Collected data entries:
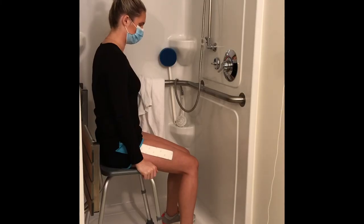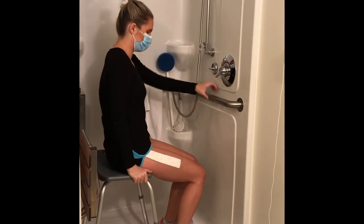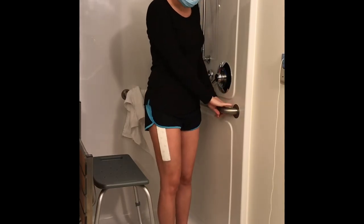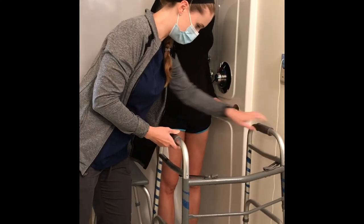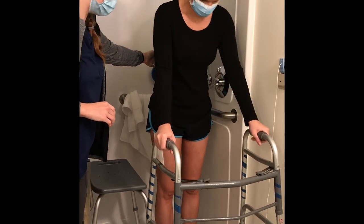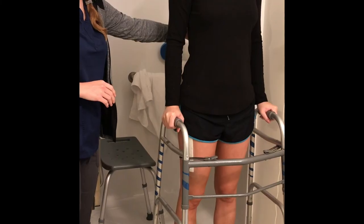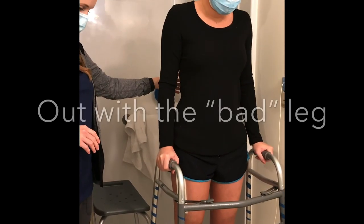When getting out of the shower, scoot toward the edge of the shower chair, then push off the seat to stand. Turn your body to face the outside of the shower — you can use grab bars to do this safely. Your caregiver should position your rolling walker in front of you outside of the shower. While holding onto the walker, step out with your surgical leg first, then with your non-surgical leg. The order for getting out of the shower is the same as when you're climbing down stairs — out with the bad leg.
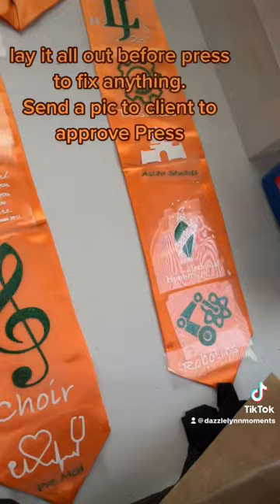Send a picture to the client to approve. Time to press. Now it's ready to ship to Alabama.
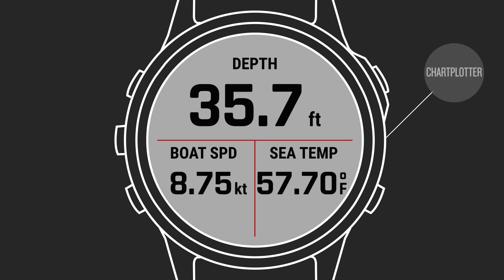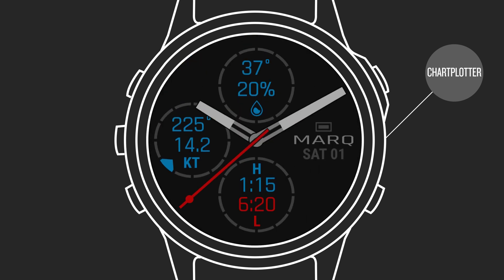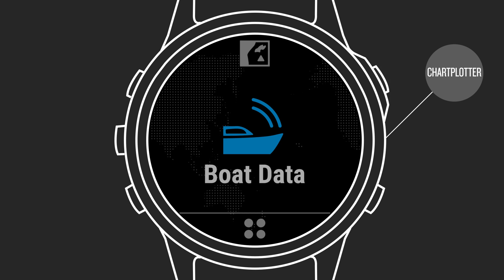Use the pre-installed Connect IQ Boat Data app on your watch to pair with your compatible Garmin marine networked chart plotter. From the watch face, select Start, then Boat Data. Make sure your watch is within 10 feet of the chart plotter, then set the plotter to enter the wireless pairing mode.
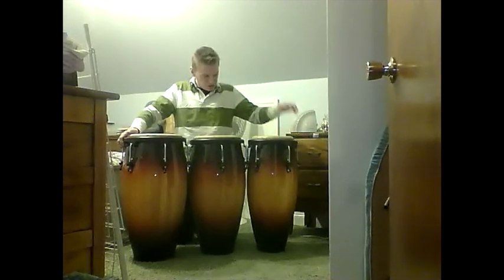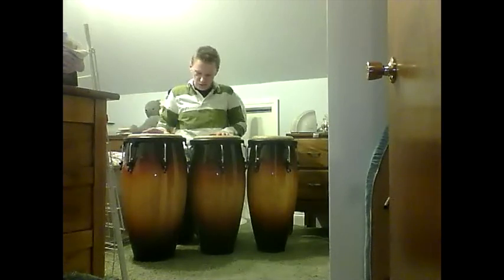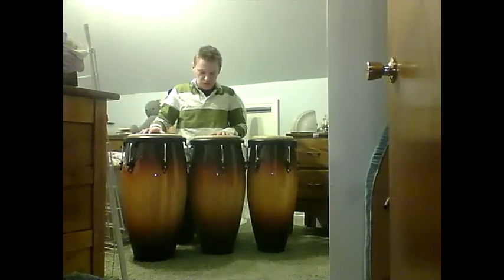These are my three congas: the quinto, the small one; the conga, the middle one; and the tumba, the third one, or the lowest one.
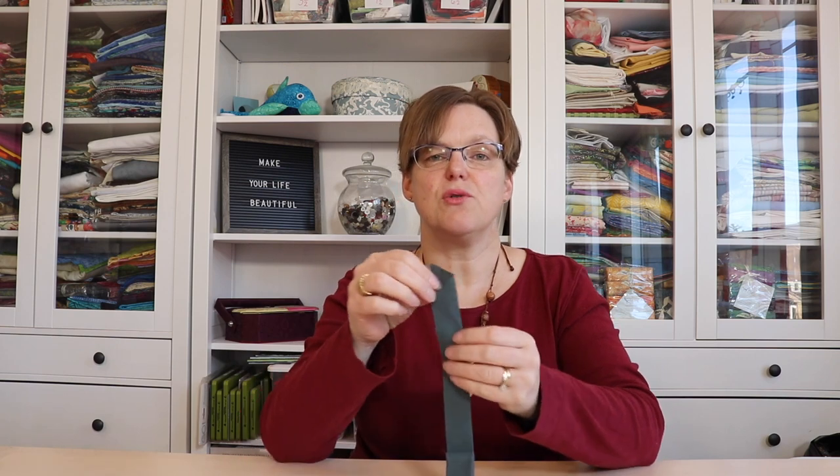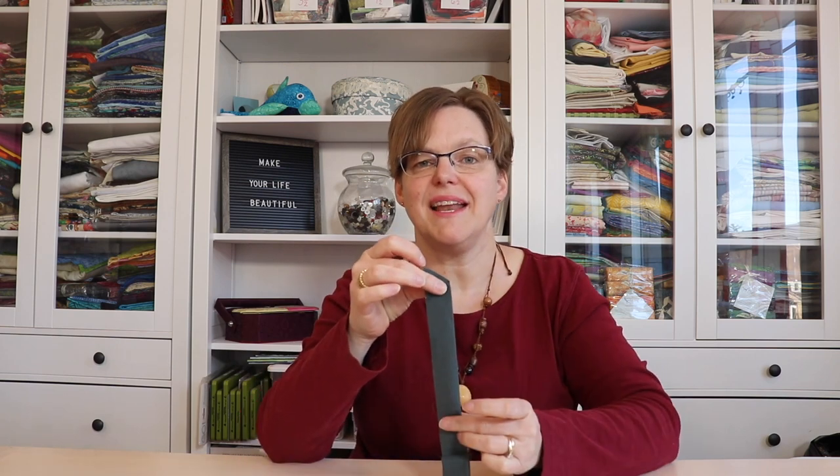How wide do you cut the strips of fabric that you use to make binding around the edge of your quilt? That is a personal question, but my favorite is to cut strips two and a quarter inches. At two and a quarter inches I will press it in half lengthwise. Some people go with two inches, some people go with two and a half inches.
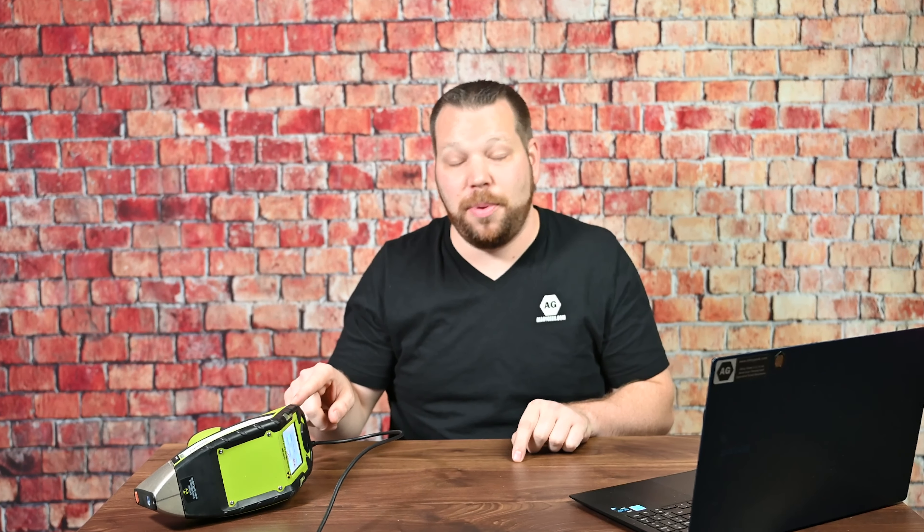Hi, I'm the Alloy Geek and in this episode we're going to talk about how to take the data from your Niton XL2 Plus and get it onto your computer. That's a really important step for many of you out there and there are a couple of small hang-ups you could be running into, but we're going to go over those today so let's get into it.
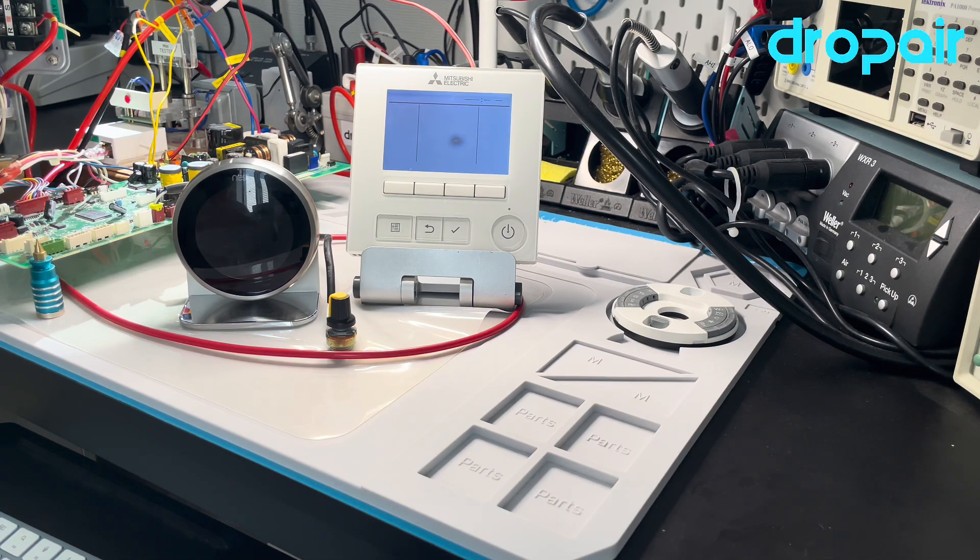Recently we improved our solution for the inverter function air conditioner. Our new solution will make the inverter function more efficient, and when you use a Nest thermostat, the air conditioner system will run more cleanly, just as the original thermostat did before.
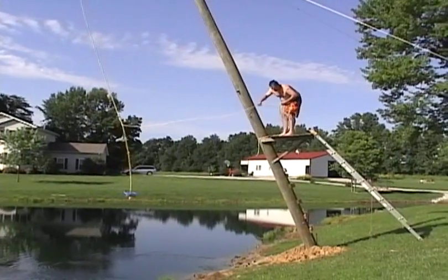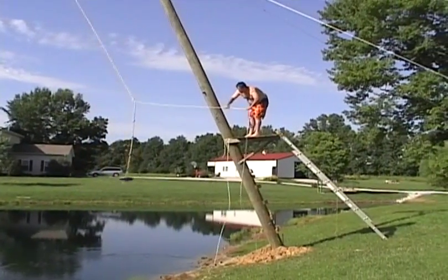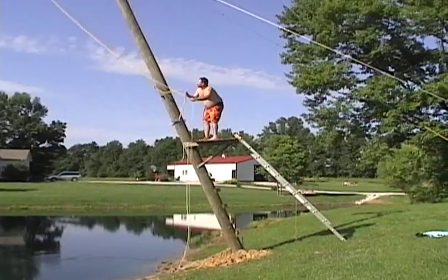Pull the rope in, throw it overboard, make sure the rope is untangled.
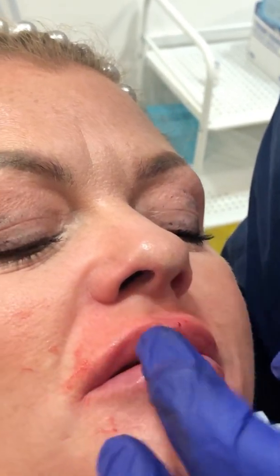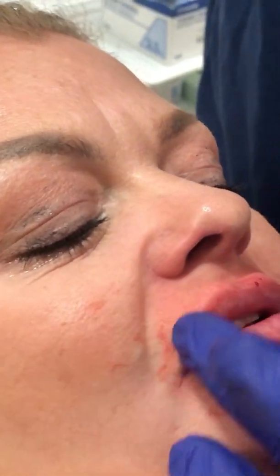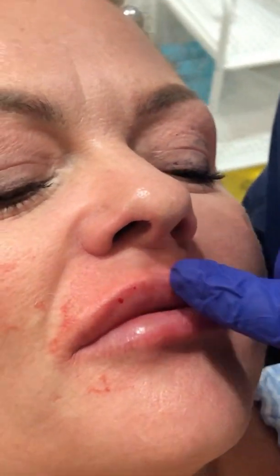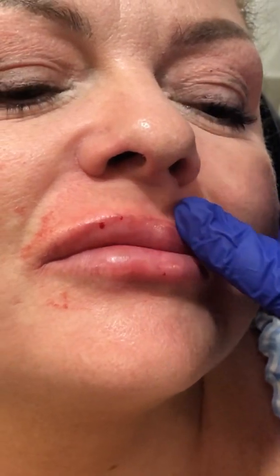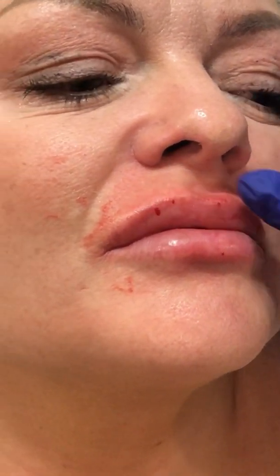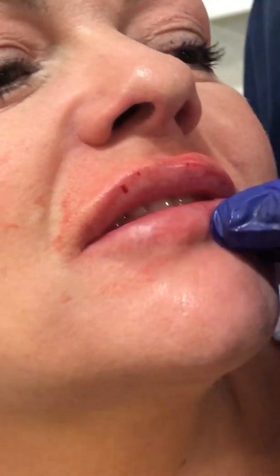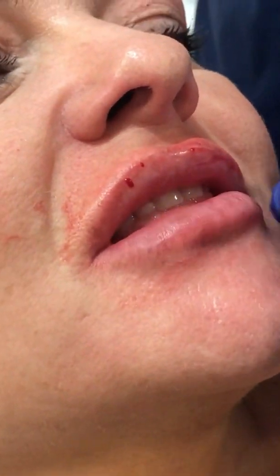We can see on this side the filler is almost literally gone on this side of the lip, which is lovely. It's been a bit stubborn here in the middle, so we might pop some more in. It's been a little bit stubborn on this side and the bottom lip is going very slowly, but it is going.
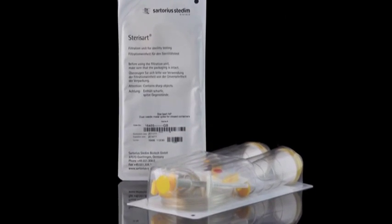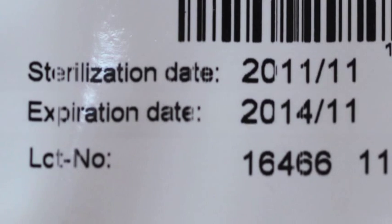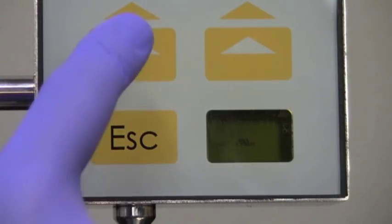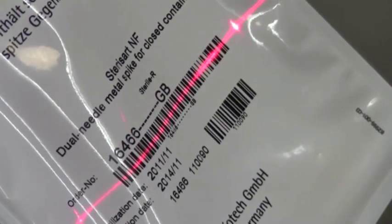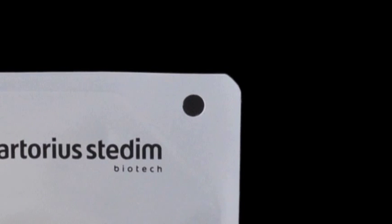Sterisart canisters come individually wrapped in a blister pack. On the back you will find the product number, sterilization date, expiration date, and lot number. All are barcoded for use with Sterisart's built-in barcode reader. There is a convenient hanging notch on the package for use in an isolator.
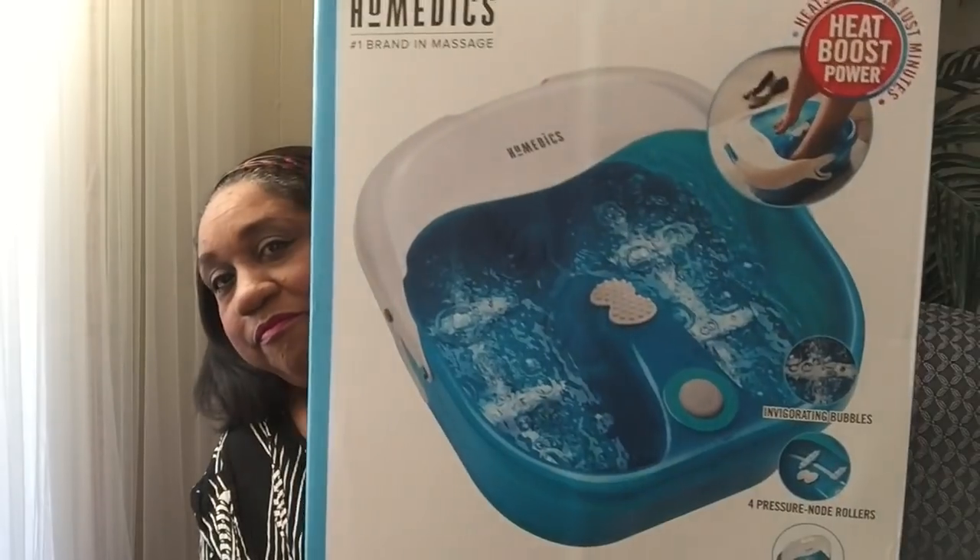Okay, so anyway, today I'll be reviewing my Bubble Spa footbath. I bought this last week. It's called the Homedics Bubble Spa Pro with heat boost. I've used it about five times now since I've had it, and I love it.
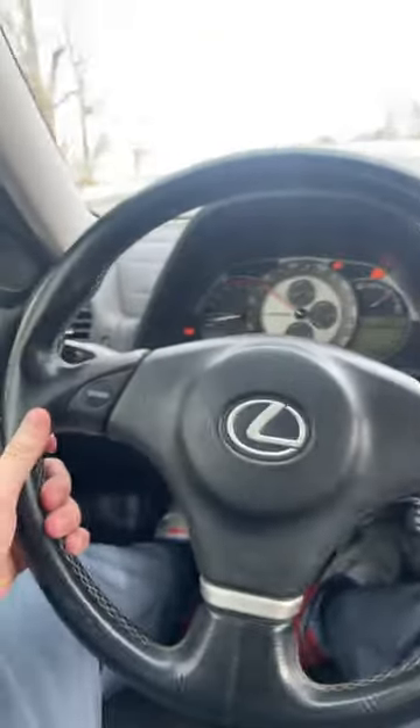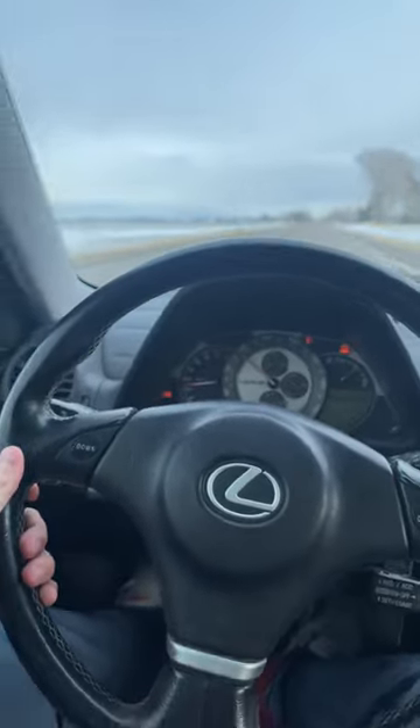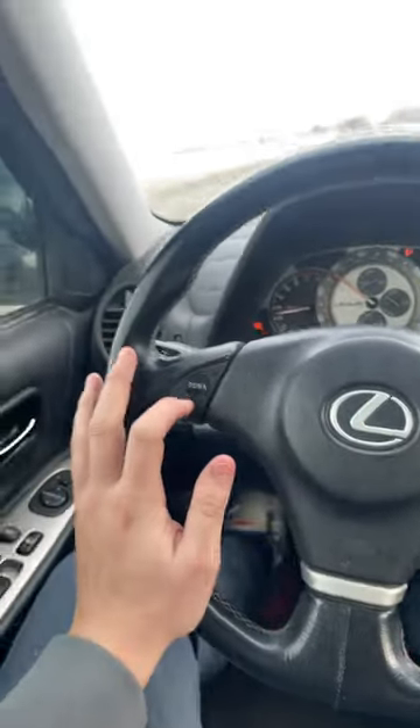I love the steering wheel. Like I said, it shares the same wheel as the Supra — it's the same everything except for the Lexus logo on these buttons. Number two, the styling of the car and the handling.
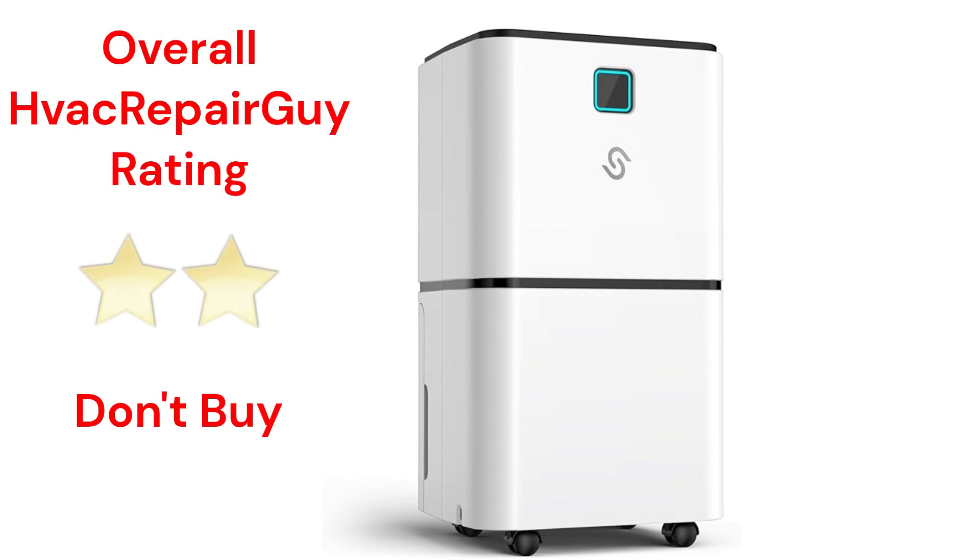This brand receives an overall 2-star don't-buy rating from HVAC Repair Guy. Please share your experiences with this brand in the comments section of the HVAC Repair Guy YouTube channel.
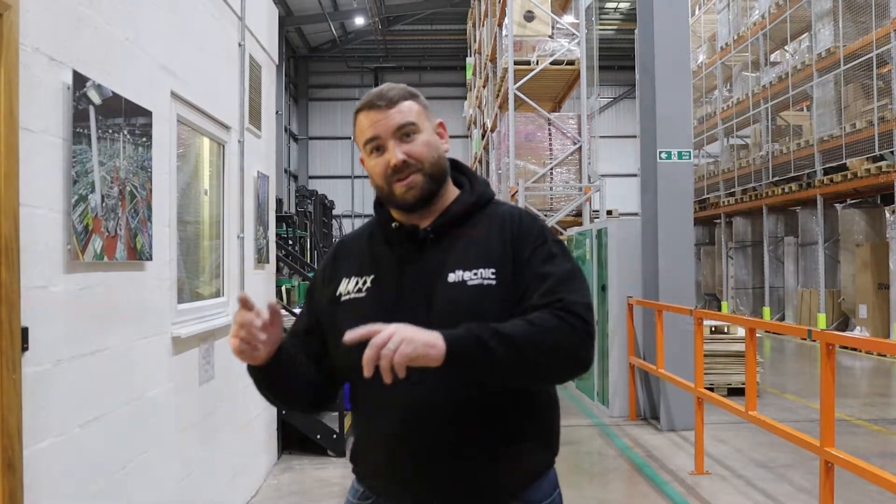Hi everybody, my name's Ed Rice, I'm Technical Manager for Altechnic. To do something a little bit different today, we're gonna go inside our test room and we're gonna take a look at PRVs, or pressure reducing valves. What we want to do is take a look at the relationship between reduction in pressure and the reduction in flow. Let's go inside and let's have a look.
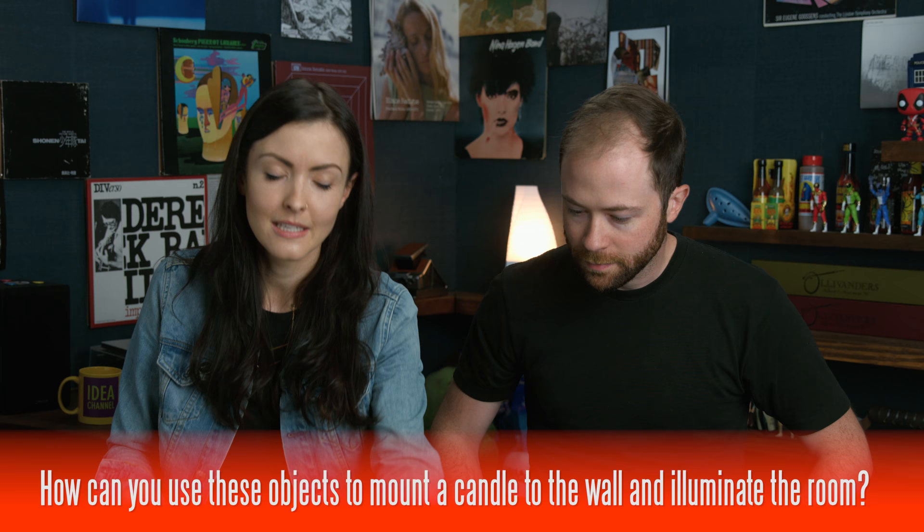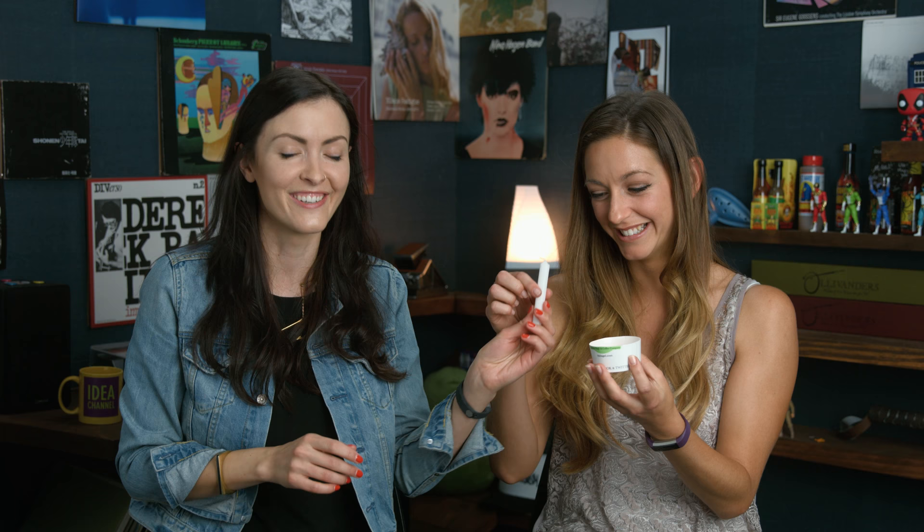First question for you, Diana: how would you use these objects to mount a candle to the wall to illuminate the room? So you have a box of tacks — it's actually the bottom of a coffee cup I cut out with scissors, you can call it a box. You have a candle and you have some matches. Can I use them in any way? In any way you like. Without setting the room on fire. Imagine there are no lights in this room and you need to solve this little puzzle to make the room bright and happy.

Task objective = Print exactly, with no pictures, the lines above from the one that holds "I love the steering" through the one that holds "This brand receives", both of them included.

Answer space =
I love the steering wheel. Like I said, it shares the same wheel as the Supra — it's the same everything except for the Lexus logo on these buttons. Number two, the styling of the car and the handling.
This brand receives an overall 2-star don't-buy rating from HVAC Repair Guy. Please share your experiences with this brand in the comments section of the HVAC Repair Guy YouTube channel.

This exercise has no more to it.